Items from a data source:
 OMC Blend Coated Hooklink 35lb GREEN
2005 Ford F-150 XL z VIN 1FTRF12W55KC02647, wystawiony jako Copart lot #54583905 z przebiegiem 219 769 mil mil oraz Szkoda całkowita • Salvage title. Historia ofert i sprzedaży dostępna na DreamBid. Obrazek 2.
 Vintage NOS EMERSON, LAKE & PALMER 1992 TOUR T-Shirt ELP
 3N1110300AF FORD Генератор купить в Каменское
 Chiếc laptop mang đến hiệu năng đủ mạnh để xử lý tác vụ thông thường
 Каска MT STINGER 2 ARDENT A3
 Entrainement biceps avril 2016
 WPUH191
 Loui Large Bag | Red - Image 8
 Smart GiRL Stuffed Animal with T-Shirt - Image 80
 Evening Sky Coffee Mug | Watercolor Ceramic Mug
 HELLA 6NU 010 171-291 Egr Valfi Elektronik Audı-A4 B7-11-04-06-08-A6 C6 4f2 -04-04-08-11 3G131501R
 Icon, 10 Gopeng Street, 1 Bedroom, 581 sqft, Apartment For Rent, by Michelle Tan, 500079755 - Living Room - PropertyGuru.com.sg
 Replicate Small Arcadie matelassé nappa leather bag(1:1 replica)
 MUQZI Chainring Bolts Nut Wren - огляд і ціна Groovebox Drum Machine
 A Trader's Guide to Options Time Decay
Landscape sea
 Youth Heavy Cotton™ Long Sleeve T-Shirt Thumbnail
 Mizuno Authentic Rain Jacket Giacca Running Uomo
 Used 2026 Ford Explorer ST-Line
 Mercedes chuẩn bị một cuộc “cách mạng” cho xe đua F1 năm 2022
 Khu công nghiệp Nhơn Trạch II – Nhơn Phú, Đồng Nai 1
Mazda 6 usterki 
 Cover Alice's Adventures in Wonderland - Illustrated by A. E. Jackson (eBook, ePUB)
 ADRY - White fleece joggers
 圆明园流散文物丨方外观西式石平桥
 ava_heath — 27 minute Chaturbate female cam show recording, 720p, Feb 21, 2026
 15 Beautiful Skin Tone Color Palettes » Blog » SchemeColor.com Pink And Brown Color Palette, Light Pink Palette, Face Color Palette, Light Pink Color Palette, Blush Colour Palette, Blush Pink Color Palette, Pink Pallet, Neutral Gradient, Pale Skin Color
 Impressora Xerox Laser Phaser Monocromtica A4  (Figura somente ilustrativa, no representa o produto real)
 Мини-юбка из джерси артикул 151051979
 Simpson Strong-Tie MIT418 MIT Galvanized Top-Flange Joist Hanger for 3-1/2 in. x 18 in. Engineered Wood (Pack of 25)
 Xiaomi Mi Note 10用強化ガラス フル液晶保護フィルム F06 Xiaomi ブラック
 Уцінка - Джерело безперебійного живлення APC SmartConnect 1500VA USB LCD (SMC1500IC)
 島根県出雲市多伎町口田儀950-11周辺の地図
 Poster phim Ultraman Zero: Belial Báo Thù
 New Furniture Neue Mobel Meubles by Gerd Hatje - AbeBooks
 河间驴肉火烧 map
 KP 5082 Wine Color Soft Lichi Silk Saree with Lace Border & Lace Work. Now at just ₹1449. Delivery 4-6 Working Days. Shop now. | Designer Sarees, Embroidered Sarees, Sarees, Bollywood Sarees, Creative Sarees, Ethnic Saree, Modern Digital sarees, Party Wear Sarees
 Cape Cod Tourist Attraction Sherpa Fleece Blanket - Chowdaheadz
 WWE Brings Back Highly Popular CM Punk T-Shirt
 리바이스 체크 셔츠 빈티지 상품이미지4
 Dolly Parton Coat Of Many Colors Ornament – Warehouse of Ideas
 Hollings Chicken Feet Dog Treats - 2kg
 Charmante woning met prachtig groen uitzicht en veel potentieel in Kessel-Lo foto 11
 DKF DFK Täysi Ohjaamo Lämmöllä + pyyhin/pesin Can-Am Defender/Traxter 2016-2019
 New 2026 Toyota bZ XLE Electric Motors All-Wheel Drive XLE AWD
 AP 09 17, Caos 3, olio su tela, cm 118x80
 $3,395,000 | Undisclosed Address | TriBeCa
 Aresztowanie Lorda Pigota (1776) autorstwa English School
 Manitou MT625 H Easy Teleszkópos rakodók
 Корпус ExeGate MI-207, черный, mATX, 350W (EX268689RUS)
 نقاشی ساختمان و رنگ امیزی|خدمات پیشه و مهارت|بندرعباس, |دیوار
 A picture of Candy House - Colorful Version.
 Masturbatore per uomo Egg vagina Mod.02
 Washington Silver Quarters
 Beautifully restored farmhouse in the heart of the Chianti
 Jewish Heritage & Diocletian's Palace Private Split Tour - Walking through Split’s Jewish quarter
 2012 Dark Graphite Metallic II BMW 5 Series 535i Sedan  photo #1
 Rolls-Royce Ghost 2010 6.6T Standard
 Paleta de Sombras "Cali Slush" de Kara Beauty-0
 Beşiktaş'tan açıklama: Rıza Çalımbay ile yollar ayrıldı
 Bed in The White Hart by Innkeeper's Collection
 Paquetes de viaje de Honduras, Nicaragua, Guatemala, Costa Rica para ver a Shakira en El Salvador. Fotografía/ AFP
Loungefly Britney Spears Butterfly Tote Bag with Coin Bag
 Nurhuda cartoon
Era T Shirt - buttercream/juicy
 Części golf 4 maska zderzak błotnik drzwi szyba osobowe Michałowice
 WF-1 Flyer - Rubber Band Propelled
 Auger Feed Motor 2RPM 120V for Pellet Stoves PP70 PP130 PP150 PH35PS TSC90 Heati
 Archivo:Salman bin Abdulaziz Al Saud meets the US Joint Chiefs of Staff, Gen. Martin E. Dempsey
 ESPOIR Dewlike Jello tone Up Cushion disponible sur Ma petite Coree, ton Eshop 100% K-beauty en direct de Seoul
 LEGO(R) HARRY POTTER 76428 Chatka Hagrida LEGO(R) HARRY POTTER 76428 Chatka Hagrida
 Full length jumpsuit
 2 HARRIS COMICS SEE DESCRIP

### TASK
Reproduce verbatim the lines above, from the line with "Replicate Small Arcadie" through the line with "圆明园流散文物丨方外观西式石平桥".

### COMPLETED TASK
 Replicate Small Arcadie matelassé nappa leather bag(1:1 replica)
 MUQZI Chainring Bolts Nut Wren - огляд і ціна Groovebox Drum Machine
 A Trader's Guide to Options Time Decay
Landscape sea
 Youth Heavy Cotton™ Long Sleeve T-Shirt Thumbnail
 Mizuno Authentic Rain Jacket Giacca Running Uomo
 Used 2026 Ford Explorer ST-Line
 Mercedes chuẩn bị một cuộc “cách mạng” cho xe đua F1 năm 2022
 Khu công nghiệp Nhơn Trạch II – Nhơn Phú, Đồng Nai 1
Mazda 6 usterki 
 Cover Alice's Adventures in Wonderland - Illustrated by A. E. Jackson (eBook, ePUB)
 ADRY - White fleece joggers
 圆明园流散文物丨方外观西式石平桥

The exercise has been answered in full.